Germany issues arrest warrant for lawyers behind offshore firm Mossack Fonseca which was at the heart of the Panama Papers leak
- Germany has issued an arrest warrant for Juergen Mossack and Ramon Fonseca
- Pair ran offshore firm Mossack Fonseca, at the centre of the Panama Papers
- Accused of being accessory to tax evasion and forming a criminal organisation
- Pair are under constitutional protection in Panama, so they cannot be extradited
Germany has issued arrest warrants for the two lawyers who ran the firm at the centre of an international tax evasion scheme revealed in the Panama Papers.
Juergen Mossack and Ramon Fonseca are being sought by prosecutors in Cologne as accessories to tax evasion and forming a criminal organisation.
But the pair are protected by the constitution of Panama, which prevents its citizens from being extradited overseas.
Juergen Mossack (left) and Ramon Fonseca (right) have been hit with a warrant from Germany, accusing them of being accessories to tax evasion and of forming a criminal organisation
Mossack is German-born, but has Panamanian citizenship. Fonseca was born in Panama City.
‘They have constitutional protection,’ Alvin Weeden, a lawyer in Panama, said Wednesday. ‘Technically, there’s no possibility.’

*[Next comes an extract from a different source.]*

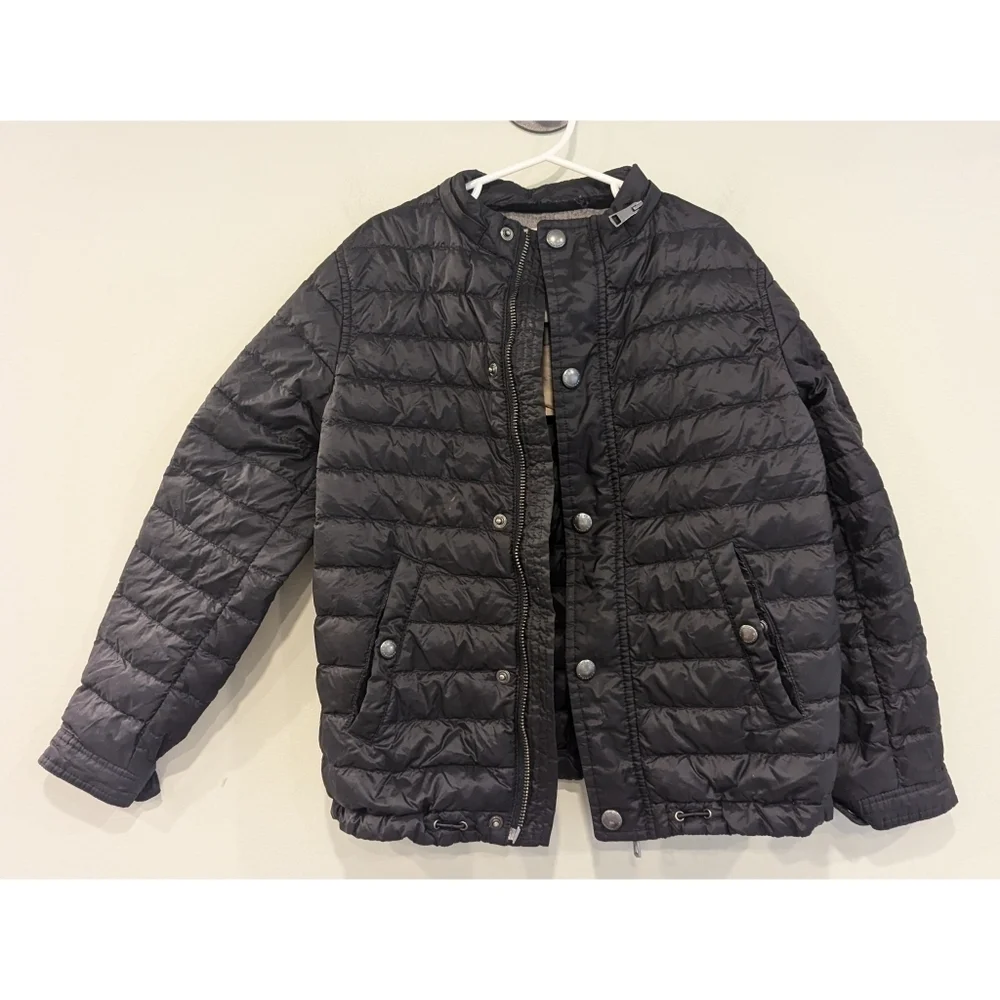 Burberry Children Black Quilted Puffy Duck Down Jacket Size 8 - Picture 15 of 15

Mossack and Fonseca already face prosecution in Panama and are prohibited from leaving the country while out on bond after spending two months in jail.
That case stems from allegations they helped create a corporation to hide money used for bribes by the Brazilian construction company Odebrecht.
The financial dealings of Odebrecht, along with the finances of world leaders, celebrities, and shadowy corporations, were revealed in a leak from Mossack Fonseca that became known as the Panama Papers.
The trove of documents – amounting to 2.6 terrabytes of data – is the largest leak in history, and provided an unprecedented insight into how offshore corporations are used to move wealth around.
Twelve world leaders including Vladimir Putin and then-British Prime Minister David Cameron were either named in or linked to documents released in the leak.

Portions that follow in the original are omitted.